Ce groupe qui joue avec moi, sont de très bons amis. Mon petit frère en fait parti, qui est aussi un ami j’imagine (rires). Je n’avais pas à leur communiquer quoique ce soit, ni même à leur dire quoique ce soit. Nous sommes tous relax. La musique est une pure source de fun. Si tout est trop étudié, tu peux perdre toute l’essence de la chose. Quand j’écoute un disque, parfois je peux entendre quand il s’agit d’un groupe de session en accompagnement. Si un groupe de personnes joue pour leur propre amusement, c’est ce que les gens veulent. C’est ce que je recherche dans tous les albums que je possède. Même si c’est imparfait, quand on sent que les musiciens prennent plaisir, c’est l’essentiel.

Comment es-tu rentré en contact avec Domino ?

Ils m’ont contacté quand j’avais 19 ans. Ils ont dû entendre un titre sur MySpace, Mais ça s’est fait lentement. Etapes par étapes, et en me laissant aller à ma propre vitesse. Je suis meilleur quand on me laisse tranquille. Ensuite, ça a continué de manière assez stable, ce qui est mieux que d’avoir un éclairage et une exposition soudaine. C’est mieux pour moi.

Domino est considéré comme l’un des derniers gros labels indépendants d’Angleterre. Comment vois-tu ton intégration dans une maison telle que Domino ?

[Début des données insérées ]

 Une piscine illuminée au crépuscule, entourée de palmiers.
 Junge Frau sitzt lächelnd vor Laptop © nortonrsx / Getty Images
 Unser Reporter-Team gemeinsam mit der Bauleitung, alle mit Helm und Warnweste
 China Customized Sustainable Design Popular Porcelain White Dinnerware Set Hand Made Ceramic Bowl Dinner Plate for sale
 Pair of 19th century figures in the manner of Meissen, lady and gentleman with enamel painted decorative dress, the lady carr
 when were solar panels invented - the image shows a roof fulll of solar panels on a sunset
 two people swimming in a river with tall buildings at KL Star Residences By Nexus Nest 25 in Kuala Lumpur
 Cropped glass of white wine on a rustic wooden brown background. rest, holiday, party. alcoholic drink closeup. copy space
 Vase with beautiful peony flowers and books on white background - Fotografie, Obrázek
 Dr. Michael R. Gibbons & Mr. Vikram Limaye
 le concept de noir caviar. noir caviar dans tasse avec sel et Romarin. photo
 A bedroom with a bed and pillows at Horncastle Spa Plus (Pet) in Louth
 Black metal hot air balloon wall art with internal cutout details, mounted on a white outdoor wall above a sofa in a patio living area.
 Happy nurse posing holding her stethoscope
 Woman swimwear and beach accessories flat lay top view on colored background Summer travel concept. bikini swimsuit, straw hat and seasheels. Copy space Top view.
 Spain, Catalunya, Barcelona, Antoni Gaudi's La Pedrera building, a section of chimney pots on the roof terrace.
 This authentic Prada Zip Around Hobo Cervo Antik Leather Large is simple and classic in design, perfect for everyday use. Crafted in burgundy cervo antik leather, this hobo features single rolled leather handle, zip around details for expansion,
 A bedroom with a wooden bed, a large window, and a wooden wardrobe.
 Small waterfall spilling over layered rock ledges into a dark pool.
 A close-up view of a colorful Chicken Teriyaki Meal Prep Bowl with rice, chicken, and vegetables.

Je ne peux rien dire sur Domino en tant que label, parce que je n’y connais rien. Mais en tant que personnes, celles avec qui je travaille régulièrement, ils sont fantastiques. Je leur suis très reconnaissant, car ils sont excellents, car ils sont très passionnés par ce qu’ils font. Je ne sais pas ce que font les labels en général, j’imagine qu’ils sont tous diaboliques. Dans ma tête, ce sont le mal. Domino étant le chevalier à l’armure brillant dans la nuit (rires). Je suis presque certain de ne pas être trop éloigné de la vérité. Pour être honnête, les autres labels ne sont probablement pas sympathiques parce que ça les dépasse, ça ne dépend plus d’eux. Le cliché du gros patron en costume fumant des cigares et ruinant les jeunes talents ne doit plus vraiment exister aujourd’hui, non ?

A quoi vont ressembler tes 6 prochains mois ?

Je dois aller jouer à des endroits où je n’avais jamais joué, comme Berlin, ou en Italie, je ne sais pas ce que ça va donner. Après je retournerai en Angleterre pour probablement d’autres concerts. J’espère. Et des enregistrements. Ca, c’est certain.